Tutti i figli di Adernò dovevano morire; li ho condannati io e le loro mamme dovevano soffrire come ho sofferto io!». La Stimoli aveva perso infatti due bambini, morti entrambi a poca distanza l’uno dall’altro, perché, a sentir lei, era stato lanciato su di loro un incantesimo.
«Erano stati strogati - dice la donna - Lo so perché me lo ha rivelato una strega». Era stato lanciato un incantesimo di sfortuna sui bambini, così dicevano i pettegolezzi.
«Solo una cosa mi poteva consolare - continua la Stimoli - la vendetta non solo sui colpevoli, ma su tutti quelli che erano felici e avevano accanto i propri figli!».
Per portare a compimento la sua folle vendetta la donna aveva scelto di fare ricorso al veleno: mescolando acido fosforico con il succo del carramuni, aveva creato un composto mortale, che spalmava sui dolci e mescolava al vino che poi offriva ai bambini di Adernò.
Quando incontrava un ragazzino, lo invitava a far merenda a casa sua, tentandolo con la promessa di dolci e altre squisitezze.
I poveri piccoli, per golosità, finivano sempre per accettare. Il rimorso non ha mai fermato la mano di Gaetana Stimoli, la mangiabambini, nel suo proposito di morte.
Si legge ancora nel Bollettino dei carabinieri reali del 1895: «Stimoli Gaetana impressionata per la morte di due suoi bambini, che per superstiziosa ignoranza attribuiva a qualche strega del vicinato, volle trarne vendetta e dal 5 Settembre all’8 Ottobre 1895, adescati con lusinghe dieci ragazzi del paese, colla complicità di altre sette persone, propinò loro sostanze velenose che determinarono la morte».

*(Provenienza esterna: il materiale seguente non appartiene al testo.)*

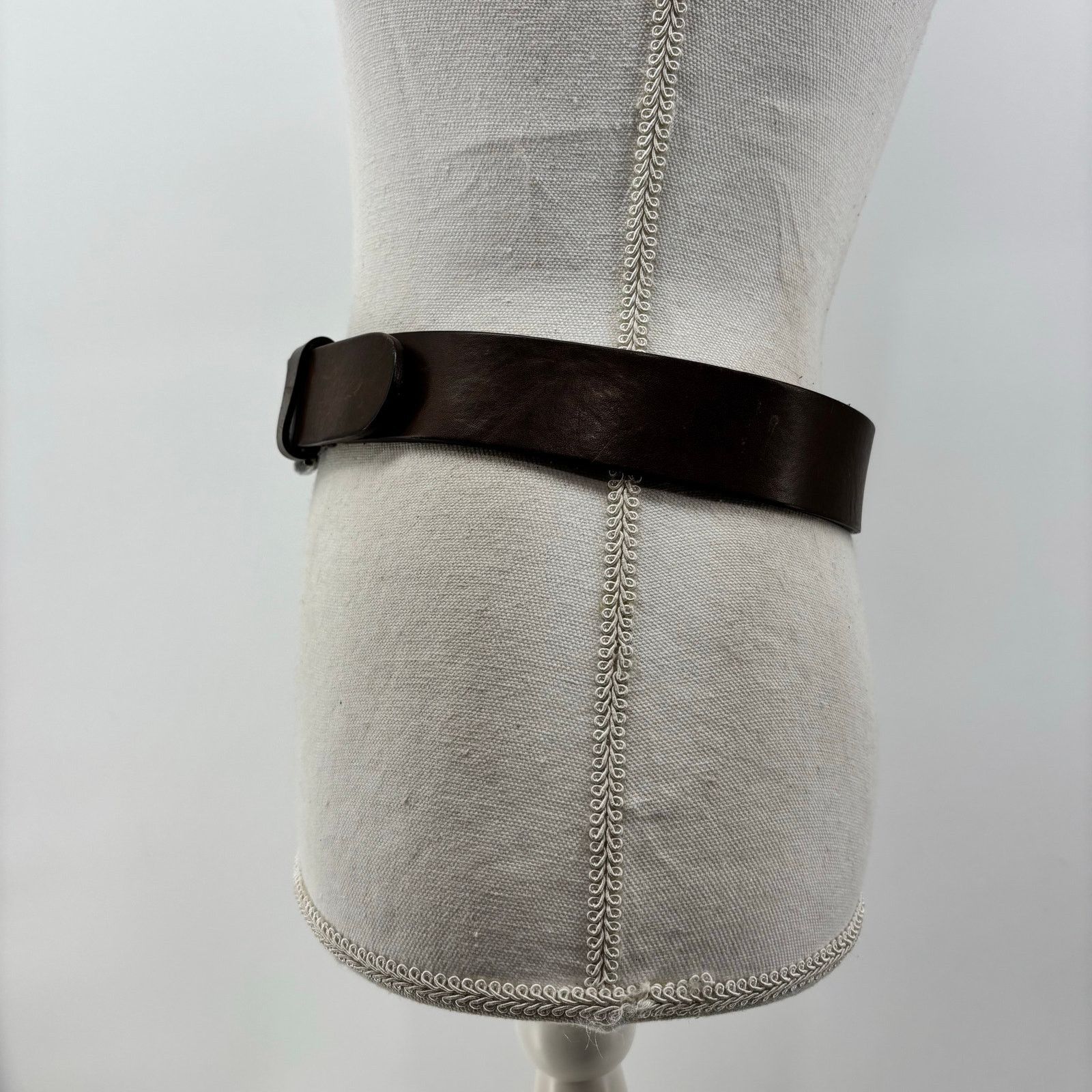 Other Jessi Lee Women's Size Small Belt Brown Leather Minimalist Size ONE SIZE - 6 Thumbnail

Negli interrogatori gli investigatori chiedono più volte a Gaetana dove sono sepolti i bambini scomparsi, lei indica le posizioni di solo 10 corpi, degli altri non viene trovata nessuna traccia. Insieme a lei e al marito vengono arrestate altre 7 persone, presunti complici in quell’orribile piano di morte dettato dalla superstizione e dall’ignoranza.
La tana della donna viene minuziosamente perquisita e si scopre un vero e proprio arsenale di stregoneria, fosforo compreso, mentre dall'autopsia delle innocenti vittime emergono chiaramente le prove di avvelenamento da acido fosforico.
Che ne fu di Gaetana Stimoli? Inizialmente l'accusa la ritenne mentalmente inferma ma la donna venne giudicata dai periti sana di mente e affrontò il processo.
Venne condannata a 30 anni di carcere. Oggi si racconta ad Adrano che dopo aver scontato la pena abbia vissuto altri 30 anni, mantenendosi con attività di cucito e di ricamo, apprese in galera.
Ci dispiace scrivere che non mostrò mai segni di rimorso per i suoi crimini, né mai si pentì.